Secodo Siani, urge uniformare i comportamenti degli operatori, consentire la realizzazione di esperienze confrontabili dal punto di vista dell'efficacia terapeutica, rafforzando un approccio scientifico all'impiego degli IAA. La risoluzione, se approvata, prevederebbe una revisione delle linee guida nazionali affinché:
- le terapie con gli animali possano essere utilizzate per interventi abilitativi di carattere sanitario,
- la conduzione dell'animale sia effettuata esclusivamente da veterinari,
- la formazione sia solo universitaria,
- vi sia una distinzione esplicita tra le attività che non si inseriscono nel contesto degli IAA (escludendo dunque fattorie didattiche o attività nei maneggi/centri equestri che non rientrano negli interventi abilitativi di carattere sanitario),
- previsione di adeguate risorse finanziarie, volte ad inserire nei livelli essenziali di assistenza (Lea) alcune tipologie di terapie assistite con gli animali (Taa), già previste da alcune regioni.
Pet therapy esclusiva veterinaria, una specificità italiana
All'estero i veterinari non sono così interessati ad avere l'esclusiva sulle pet therapy. La ragione di questa particolare attenzione in Italia, potrebbe risiedere nel precariato della figura del veterinario nel nostro Paese.
Oggi in Italia ci sarebbero 33mila veterinari, contro i 18mila della Francia. Questo perché l’Italia ha 13 facoltà di veterinaria contro le 4 francesi. Un rapporto fra domanda e offerta “sbilanciato, che produce come prima conseguenza un esercito di liberi professionisti per necessità, almeno 20mila, precari, senza nessuna tutela né stabilità, con un reddito professionale medio che è fra i più bassi in Italia, sotto i 15mila euro all’anno”. A denunciarlo è il Sindacato Veterinari liberi professionisti (Sivelp).
Il mercato della medicina veterinaria italiana non riesce ad assorbire tutti i professionisti che annualmente escono dalle università, circa 1.100, e che si trasformano quindi sempre più spesso in precari sottopagati, oppure emigrano in altri Paesi affidandosi alla sorte.
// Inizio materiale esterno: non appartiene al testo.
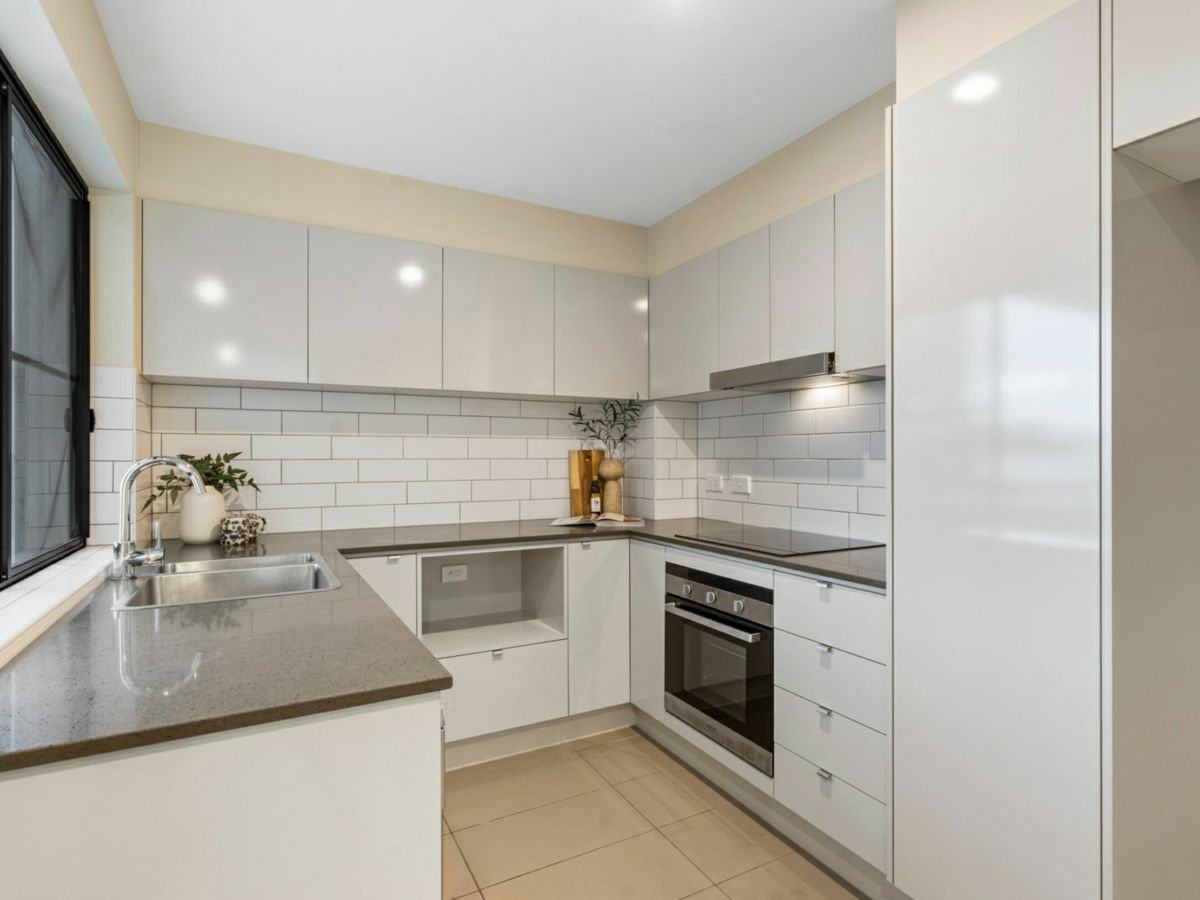 204/14 Gallway Street, Windsor - image 3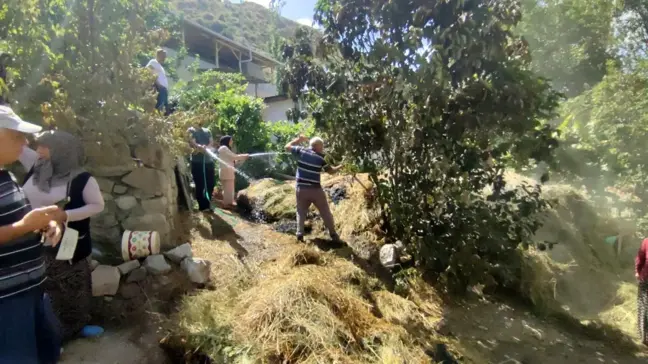 Erzurum'da küçük çaplı ot yangını köylüler tarafından söndürüldü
In questa situazione, trovare uno sbocco per i veterinari laureati e precari, è chiaramente una missione nobile per il Ministero della Salute, che ha messo a punto le linee guida per la pet therapy nel 2015.
Dovessero queste risoluzioni passare, qualche veterinario in più troverebbe lavoro, sacrosanto, ma sarebbe una brutta notizia per tutti gli altri precari che hanno fatto i corsi per gli interventi assistiti con gli animali, spendendo fior di soldi, sperando di poter lavorare con gli animali.
Purtroppo anni e anni di corsi selvaggi in tutta Italia sulle pet therapy, hanno prodotto formazione inutile, se non a scopo personale (imparare l'arte e metterla da parle), poiché se non c'è lavoro come veterinari, ancora meno ce ne è come pet terapisti, a fronte di una moltitudine di corsi che sono stati attivati in Italia dall'istituzione delle linee guida del 2015. Corsi non gratuiti.
La "bolla" ha finito per produrre reddito solo per i formatori e rischia di diventare una sorta di truffa consumata su precari animalisti che hanno ottenuto, a pagamento, i vari diplomi.